From NASA Reports
This is an illustration of the gas giant planet HD 209458b in the constellation Pegasus. Astronomers found much less water vapor in the hot world’s atmosphere than predicted. Image: NASA.
This is an illustration of the gas giant planet HD 209458b in the constellation Pegasus. Astronomers found much less water vapor in the hot world’s atmosphere than predicted. Image: NASA.
Astronomers looking for water vapor in the atmospheres of three planets have come up dry.

     The scientists, using NASA's Hubble Space Telescope, examined three planets orbiting stars similar to the sun. The planets, known as HD 189733b, HD 209458b and WASP-12b, are between 60 and 900 light-years away from Earth. They were thought to be ideal candidates for atmospheric water vapor because they have high temperatures that cause water to turn into measurable vapor.
     These so-called “hot Jupiters” are so close to their stars they have temperatures between 1,500 and 4,000 degrees Fahrenheit; however, the planets were found to have only one-tenth to one-one-thousandth the amount of water predicted by standard planet-formation theories.
     "Our water measurement in one of the planets, HD 209458b, is the highest-precision measurement of any chemical compound in a planet outside our solar system, and we can now say with much greater certainty than ever before that we've found water in an exoplanet," said Nikku Madhusudhan of the Institute of Astronomy at the University of Cambridge, England. "However, the low water abundance we have found so far is quite astonishing."

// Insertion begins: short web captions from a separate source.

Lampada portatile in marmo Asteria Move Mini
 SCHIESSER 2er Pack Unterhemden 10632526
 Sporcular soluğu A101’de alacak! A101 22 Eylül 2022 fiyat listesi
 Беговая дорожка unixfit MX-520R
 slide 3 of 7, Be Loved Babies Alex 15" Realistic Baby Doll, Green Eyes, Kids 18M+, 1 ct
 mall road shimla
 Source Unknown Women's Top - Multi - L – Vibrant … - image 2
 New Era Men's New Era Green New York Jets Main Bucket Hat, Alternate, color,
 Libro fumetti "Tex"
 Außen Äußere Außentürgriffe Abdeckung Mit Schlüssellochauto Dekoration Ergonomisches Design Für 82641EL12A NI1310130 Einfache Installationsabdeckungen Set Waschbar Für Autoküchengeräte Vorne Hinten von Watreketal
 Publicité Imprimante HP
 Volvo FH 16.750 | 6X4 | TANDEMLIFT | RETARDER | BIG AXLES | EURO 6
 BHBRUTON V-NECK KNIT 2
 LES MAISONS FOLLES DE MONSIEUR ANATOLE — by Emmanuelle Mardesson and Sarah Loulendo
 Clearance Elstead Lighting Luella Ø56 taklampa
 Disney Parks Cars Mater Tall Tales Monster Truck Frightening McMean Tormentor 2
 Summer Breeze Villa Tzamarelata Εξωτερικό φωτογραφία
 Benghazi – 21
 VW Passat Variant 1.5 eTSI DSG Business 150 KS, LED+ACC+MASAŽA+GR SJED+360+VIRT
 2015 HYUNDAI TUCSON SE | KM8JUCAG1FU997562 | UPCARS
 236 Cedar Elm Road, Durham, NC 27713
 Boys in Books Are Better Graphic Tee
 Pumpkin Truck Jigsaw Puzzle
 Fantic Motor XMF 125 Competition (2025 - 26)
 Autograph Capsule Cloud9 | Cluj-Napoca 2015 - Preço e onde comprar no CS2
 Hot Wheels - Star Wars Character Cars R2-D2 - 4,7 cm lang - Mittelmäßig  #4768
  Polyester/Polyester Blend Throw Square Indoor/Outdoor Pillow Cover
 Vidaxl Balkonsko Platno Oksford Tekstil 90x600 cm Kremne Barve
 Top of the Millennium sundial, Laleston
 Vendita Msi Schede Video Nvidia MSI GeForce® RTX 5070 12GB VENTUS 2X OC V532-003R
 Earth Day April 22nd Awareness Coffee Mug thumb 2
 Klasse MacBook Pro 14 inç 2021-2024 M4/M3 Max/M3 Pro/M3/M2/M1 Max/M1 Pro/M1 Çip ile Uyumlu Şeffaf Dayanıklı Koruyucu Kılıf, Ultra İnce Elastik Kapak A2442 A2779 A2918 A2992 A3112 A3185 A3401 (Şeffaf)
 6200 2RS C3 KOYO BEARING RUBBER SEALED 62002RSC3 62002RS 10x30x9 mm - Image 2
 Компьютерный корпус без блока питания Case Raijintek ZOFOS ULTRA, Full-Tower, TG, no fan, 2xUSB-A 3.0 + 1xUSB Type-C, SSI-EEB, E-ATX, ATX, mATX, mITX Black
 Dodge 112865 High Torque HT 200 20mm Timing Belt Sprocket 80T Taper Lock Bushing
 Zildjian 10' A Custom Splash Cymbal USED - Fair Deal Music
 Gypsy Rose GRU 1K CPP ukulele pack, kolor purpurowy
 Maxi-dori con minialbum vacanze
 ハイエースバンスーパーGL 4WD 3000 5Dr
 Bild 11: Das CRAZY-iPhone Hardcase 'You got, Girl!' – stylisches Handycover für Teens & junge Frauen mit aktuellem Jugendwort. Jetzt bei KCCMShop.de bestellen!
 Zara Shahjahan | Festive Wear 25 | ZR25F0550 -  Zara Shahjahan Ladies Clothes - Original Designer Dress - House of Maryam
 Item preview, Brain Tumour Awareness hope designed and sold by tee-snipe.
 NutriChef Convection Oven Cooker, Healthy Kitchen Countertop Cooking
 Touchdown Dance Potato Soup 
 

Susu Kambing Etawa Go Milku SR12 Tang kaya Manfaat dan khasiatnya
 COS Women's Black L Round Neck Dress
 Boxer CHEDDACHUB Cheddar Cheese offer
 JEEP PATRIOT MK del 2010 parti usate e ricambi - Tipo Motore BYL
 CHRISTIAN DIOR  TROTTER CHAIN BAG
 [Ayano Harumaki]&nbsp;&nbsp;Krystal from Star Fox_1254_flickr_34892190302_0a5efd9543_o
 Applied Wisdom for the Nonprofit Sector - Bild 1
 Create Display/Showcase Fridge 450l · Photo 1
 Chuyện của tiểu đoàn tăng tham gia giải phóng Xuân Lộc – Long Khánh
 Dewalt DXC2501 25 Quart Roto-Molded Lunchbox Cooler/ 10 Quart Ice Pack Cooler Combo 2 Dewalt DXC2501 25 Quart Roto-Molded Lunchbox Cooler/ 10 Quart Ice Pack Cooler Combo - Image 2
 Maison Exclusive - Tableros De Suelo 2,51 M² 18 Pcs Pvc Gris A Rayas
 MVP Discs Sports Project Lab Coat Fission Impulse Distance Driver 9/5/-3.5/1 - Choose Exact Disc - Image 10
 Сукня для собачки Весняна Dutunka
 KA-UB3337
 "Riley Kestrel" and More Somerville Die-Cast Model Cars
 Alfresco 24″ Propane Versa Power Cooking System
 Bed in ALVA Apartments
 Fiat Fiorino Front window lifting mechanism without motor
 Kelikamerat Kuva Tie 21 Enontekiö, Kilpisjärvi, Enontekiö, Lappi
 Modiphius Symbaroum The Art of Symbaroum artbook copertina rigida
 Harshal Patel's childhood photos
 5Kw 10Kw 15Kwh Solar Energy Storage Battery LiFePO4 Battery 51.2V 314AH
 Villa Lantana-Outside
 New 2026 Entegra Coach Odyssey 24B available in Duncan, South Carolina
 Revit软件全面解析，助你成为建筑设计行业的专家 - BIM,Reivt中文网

     Madhusudhan, who led the research, said that this finding presents a major challenge to exoplanet theory. "It basically opens a whole can of worms in planet formation. We expected all these planets to have lots of water in them. We have to revisit planet formation and migration models of giant planets, especially 'hot Jupiters,' and investigate how they're formed."
     He emphasized that these results may have major implications in the search for water in potentially habitable Earth-sized exoplanets. Instruments on future space telescopes may need to be designed with a higher sensitivity if target planets are drier than predicted. 
     The findings were published July 24 in The Astrophysical Journal Letters.